## Assignment
Retype the listing below line for line, but only from the line with "נקודות חשובות למיתוג העסק" down to the line with "Planos Meridional Saúde | Rota Seguros", inclusive. Pictures stay out.

## Provided data
▶

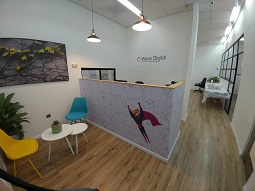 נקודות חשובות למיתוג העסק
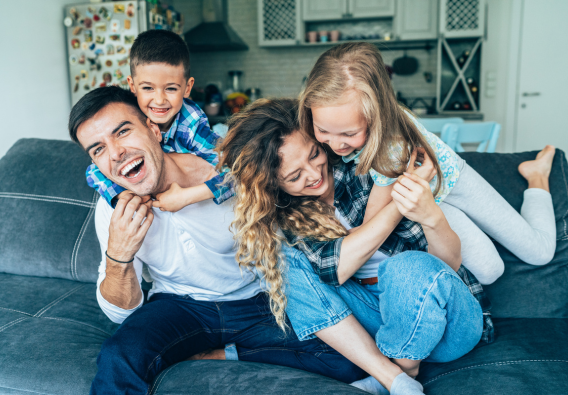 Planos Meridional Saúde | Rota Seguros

◀
▶

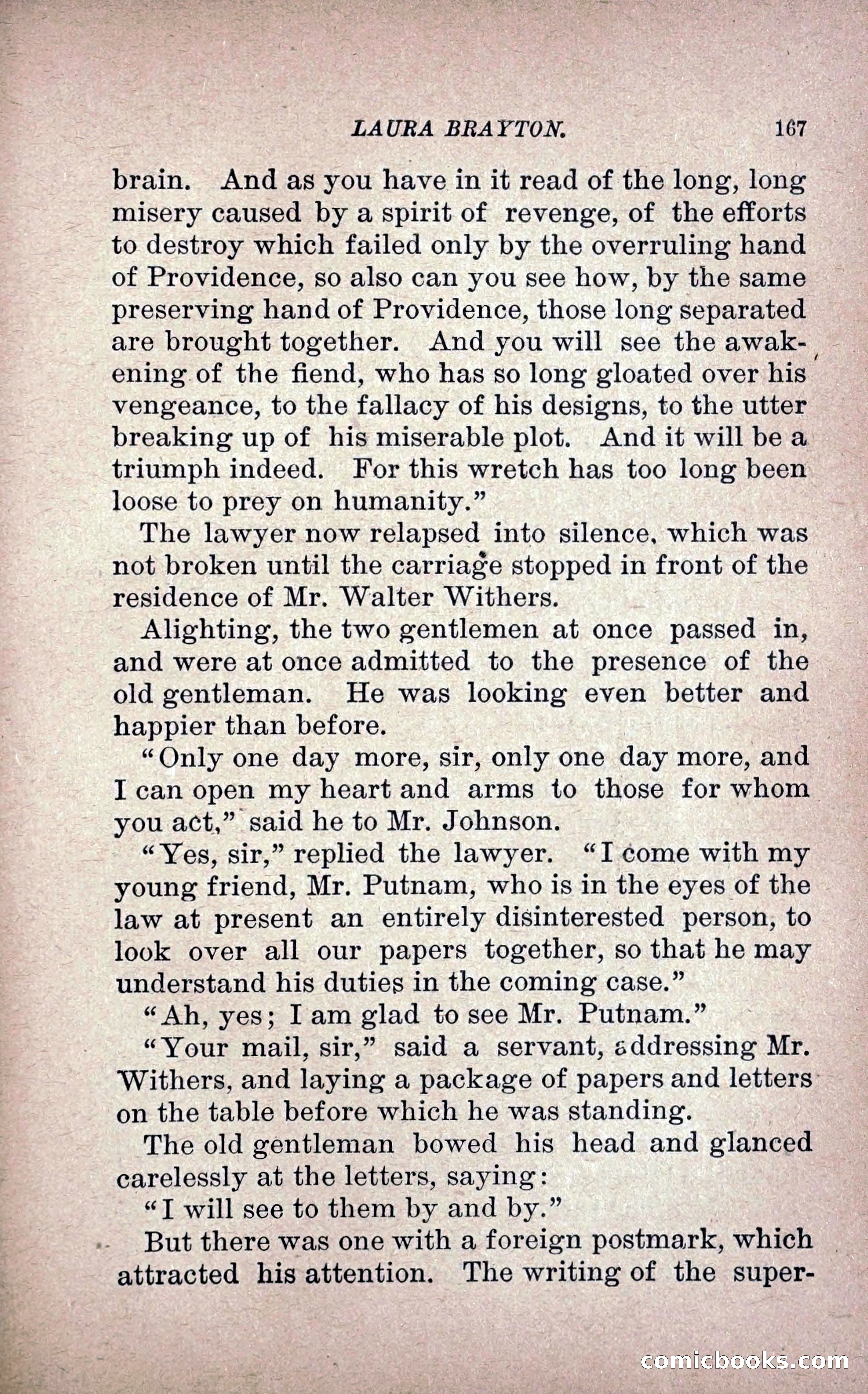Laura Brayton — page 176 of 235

◀

## Response to this exercise
 נקודות חשובות למיתוג העסק
 Planos Meridional Saúde | Rota Seguros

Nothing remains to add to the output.